Indeed, I would like to extend this to a greater space dimension Markov process with a similar transition matrix and therefore solving $\Pi \mu = \mu$ would lead to very long computations.
Thank you.
Yes, you can view the transition matrix as a graph and analyze its connectivity. For a transition matrix $\Pi \in \mathbb{R}^{n \times n}$, let $G=(V,E)$ be the directed graph where $V = [n]$ and $E = \{(i,j) \in [n]^2 : \Pi(i,j) > 0\}$.
The Markov chain is irreducible if and only if $G$ has one strongly connected component. Again, there are linear-time algorithms for checking this condition. More simply for the matrix above, we can see that all nodes $i > 1$ can directly reach node $i-1$. Moreover, node $1$ can transition to any node.

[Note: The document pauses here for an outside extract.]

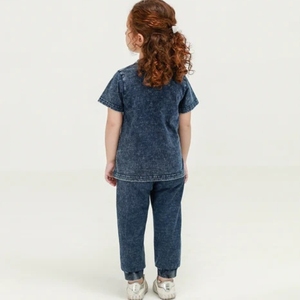 T-shirt en jean d'hiver pour hommes et femmes, OEM, streetwear décontracté, respirant, 100% coton, veste boutonnée avec logo personnalisé, 360g - Product Image 3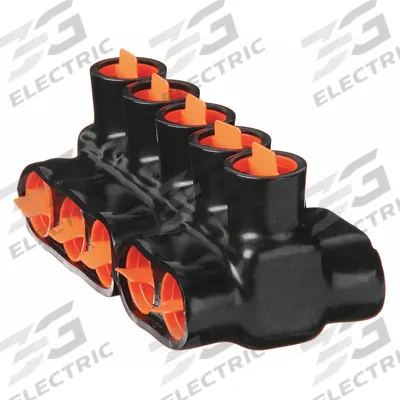 BLACKBURN Multitap Connector: 5 Port, Double-Sided Entry, 10 AWG – 250 kcmil Wire Size - Dry-Location Double-Sided Entry Multitap Connectors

Therefore, the graph has one strongly connected component and thus is irreducible.
An irreducible Markov chain is aperiodic if and only if $G$ has a node with period 1. In this case, it is even easier because every node has a self-loop since $\Pi(i,i) > 0$ for all $i \in [n]$.
It follows from the fundamental theorem of Markov chains that $\Pi$ has a unique stationary distribution.